Far-right Christian group accused of offering barbaric conversion therapy to kids

Mormon church conversion therapy

A far-right Christian group has been accused of offering conversion therapy to minors in the US, in areas where the barbaric practice has been made illegal.

Focus on the Family is a fundamentalist far-right Christian group founded in 1977, which has relentlessly lobbied against LGBT+ rights.

The group runs a programme called the Christian Counselors Network, a search engine for Christian therapists across the US. Each therapist included is required to be “licensed as a mental health professional in the state where he or she practices”, and to align with Focus on the Family’s values.

These “values” include that “God created humans… intentionally and immutably male and female”, that “sexuality is a glorious gift from God to be offered back to him either in marriage for procreation, union, and mutual delight or in celibacy for undivided devotion to Christ”, and that “regulatory bans against helping youth in any manner that does not comply with LGBT values and identity” are putting “religious freedoms sacred to families and American life, client autonomy, individual wellbeing and parental rights” at stake.

There are currently 20 US states which ban all conversion therapy on minors, and a further three which ban the debunked practice, often compared to torture, by therapists or organisations with federal funding.
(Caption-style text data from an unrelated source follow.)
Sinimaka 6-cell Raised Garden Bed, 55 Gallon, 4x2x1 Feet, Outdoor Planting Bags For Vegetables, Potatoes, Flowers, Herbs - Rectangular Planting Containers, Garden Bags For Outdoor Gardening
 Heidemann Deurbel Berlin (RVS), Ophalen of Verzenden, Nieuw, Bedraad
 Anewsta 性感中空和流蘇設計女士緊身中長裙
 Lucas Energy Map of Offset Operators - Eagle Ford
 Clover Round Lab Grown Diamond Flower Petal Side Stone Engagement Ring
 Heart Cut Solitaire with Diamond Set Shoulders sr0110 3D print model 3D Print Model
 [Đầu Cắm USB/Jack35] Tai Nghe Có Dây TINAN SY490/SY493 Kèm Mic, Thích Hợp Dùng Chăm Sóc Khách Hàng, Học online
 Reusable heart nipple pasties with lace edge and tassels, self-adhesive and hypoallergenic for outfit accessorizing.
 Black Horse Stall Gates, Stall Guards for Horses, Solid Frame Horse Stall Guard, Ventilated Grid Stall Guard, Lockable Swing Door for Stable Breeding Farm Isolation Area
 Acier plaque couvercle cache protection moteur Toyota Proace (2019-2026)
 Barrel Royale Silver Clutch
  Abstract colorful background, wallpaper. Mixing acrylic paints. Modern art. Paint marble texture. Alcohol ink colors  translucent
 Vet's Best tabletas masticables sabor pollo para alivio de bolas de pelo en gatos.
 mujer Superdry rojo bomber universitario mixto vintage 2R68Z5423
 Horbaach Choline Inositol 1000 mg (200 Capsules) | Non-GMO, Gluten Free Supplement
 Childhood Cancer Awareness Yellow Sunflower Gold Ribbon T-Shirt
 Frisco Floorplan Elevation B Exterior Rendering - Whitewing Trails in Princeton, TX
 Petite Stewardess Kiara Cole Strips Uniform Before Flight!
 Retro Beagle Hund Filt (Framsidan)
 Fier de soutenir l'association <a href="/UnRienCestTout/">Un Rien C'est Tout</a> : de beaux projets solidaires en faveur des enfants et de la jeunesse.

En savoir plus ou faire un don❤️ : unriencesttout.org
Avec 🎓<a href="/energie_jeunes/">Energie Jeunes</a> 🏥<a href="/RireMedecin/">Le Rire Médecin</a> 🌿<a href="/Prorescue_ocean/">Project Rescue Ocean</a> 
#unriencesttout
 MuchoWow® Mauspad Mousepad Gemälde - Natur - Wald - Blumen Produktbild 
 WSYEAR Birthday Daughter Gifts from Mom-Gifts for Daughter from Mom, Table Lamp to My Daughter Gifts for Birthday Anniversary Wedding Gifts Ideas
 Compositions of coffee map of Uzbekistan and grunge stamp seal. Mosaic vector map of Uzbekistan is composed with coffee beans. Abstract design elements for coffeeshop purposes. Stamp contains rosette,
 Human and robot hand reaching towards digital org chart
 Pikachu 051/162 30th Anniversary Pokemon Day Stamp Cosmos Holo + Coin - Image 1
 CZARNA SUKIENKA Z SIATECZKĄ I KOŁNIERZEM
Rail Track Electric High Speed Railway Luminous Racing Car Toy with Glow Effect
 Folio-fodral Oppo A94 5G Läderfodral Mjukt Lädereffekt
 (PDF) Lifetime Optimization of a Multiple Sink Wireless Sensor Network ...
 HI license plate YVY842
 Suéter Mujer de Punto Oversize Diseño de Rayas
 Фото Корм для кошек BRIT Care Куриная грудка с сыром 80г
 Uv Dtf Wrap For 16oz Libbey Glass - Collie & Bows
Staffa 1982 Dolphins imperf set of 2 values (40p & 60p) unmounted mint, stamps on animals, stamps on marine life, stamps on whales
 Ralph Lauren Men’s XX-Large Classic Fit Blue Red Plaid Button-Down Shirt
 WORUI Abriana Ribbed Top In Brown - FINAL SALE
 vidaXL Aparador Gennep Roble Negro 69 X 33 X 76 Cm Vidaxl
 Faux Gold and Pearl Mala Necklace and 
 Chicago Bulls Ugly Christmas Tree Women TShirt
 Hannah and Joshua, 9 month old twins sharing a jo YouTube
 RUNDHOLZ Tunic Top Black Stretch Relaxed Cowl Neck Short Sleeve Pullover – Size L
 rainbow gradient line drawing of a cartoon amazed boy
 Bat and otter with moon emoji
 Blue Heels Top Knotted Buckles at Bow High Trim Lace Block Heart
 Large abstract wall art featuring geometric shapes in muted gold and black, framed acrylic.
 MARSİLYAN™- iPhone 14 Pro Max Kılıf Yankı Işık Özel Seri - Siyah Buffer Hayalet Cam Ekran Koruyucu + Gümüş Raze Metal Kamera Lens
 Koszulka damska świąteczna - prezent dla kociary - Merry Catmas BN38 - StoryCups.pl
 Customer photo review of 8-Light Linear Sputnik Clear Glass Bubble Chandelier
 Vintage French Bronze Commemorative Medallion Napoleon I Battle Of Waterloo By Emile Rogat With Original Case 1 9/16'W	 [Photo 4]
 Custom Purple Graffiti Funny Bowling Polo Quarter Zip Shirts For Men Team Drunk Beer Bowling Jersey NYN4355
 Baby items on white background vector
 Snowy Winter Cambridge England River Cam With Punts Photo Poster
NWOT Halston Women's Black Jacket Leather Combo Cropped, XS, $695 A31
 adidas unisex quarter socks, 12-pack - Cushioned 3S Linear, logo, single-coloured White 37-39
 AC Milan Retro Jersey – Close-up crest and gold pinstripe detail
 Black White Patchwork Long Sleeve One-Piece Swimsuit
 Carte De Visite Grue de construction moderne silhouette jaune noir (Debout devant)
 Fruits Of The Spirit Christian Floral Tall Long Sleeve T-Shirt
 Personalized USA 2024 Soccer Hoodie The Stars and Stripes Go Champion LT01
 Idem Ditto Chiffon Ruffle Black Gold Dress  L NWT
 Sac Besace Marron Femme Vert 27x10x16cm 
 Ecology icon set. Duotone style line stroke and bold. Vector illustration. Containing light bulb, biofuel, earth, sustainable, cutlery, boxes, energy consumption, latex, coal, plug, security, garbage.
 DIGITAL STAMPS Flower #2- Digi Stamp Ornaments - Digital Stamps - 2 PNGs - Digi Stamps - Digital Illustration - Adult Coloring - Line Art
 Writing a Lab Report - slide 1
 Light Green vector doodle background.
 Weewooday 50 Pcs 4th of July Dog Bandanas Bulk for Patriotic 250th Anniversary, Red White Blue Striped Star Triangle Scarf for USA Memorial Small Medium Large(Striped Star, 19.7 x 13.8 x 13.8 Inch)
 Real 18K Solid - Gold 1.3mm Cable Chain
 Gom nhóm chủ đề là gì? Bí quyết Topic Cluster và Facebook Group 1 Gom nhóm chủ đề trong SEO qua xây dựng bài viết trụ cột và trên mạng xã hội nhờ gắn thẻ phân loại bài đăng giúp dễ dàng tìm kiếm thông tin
An undercover reporter was told to fast until she could envision herself ‘hanging, dying, bleeding’

In an undercover investigation, an openDemocracy reporter posed as a 17-year-old lesbian and approached two therapists who were found through the Focus on the Family search engine and were working in states in which conversion therapy is illegal, calling into question the effectiveness of the bans.

Both therapists advised the reporter to “suppress” her sexuality, and one, based in Virginia, told her that LGBT+ people were “unhealthy”, adding: “The suicide rate is considerably higher than the national average… The sexual assault rate, the crime rate, all that is higher.

“The transmitted diseases, those numbers are higher in the gay community… All those numbers are out there… Focus on Family has done those kinds of studies.”

The Virginia counsellor had listed himself on Focus on the Family’s search engine as being based in another state, and advised the reporter to stop eating until she saw herself “at the Cross with Christ […] hanging, dying, bleeding” because “that’s life-changing”.

According to openDemocracy, he also told the reporter than lesbians have 500 partners on average and gay men have 1,000.

Another therapist, this time based in Colorado, said he could help the reporter with “unwanted same-sex attraction”, but offered “coaching” sessions, rather than counselling, a service that is far less regulated.

He also advised her to only “talk to God” about her feelings, rather than friends and family.

“God’s issues are not going to come up because he doesn’t have any,” he told the reporter.

“Other people, their issues, will come up and that’s going to be hard to manage. So there will be a place and a time for that, but, right now, start with you and God.”

State conversion therapy bans are not going far enough, experts say

Shannon Minter, legal director of the National Center for Lesbian Rights, told openDemocracy that its findings had revealed “graphic” examples of conversion therapy, and also highlighted how practitioners side-step the issue, rarely telling clients: “You’re gay, and I’m going to change this.”

New York lawyer Lisa Linsky added that those practicing conversion therapy often “phrase things in such a way that you don’t ever see the term ‘conversion therapy’… They have gotten much more sophisticated and surreptitious in the ways they bring young people in to change them… and that’s scary”.

According to Focus on the Family’s Christian Counselors Network search engine, it also advertises therapists specialising in “homosexual issues” and working with minors in three other states with conversion therapy bans: California, Maryland and New York.

While bans on are, of course, a positive step, the investigation shows that they are not the complete solution to ending conversion therapy, especially if they are not properly enforced.

Amie Bishop, of OutRight International, explained that “bans, alone, will not suffice to end so-called conversion therapy”, and said the practitioners will target vulnerable LGBT+ people until the queer community is “fully embraced by their families, their faiths, and their communities”.

Focus on the Family has been contacted for comment.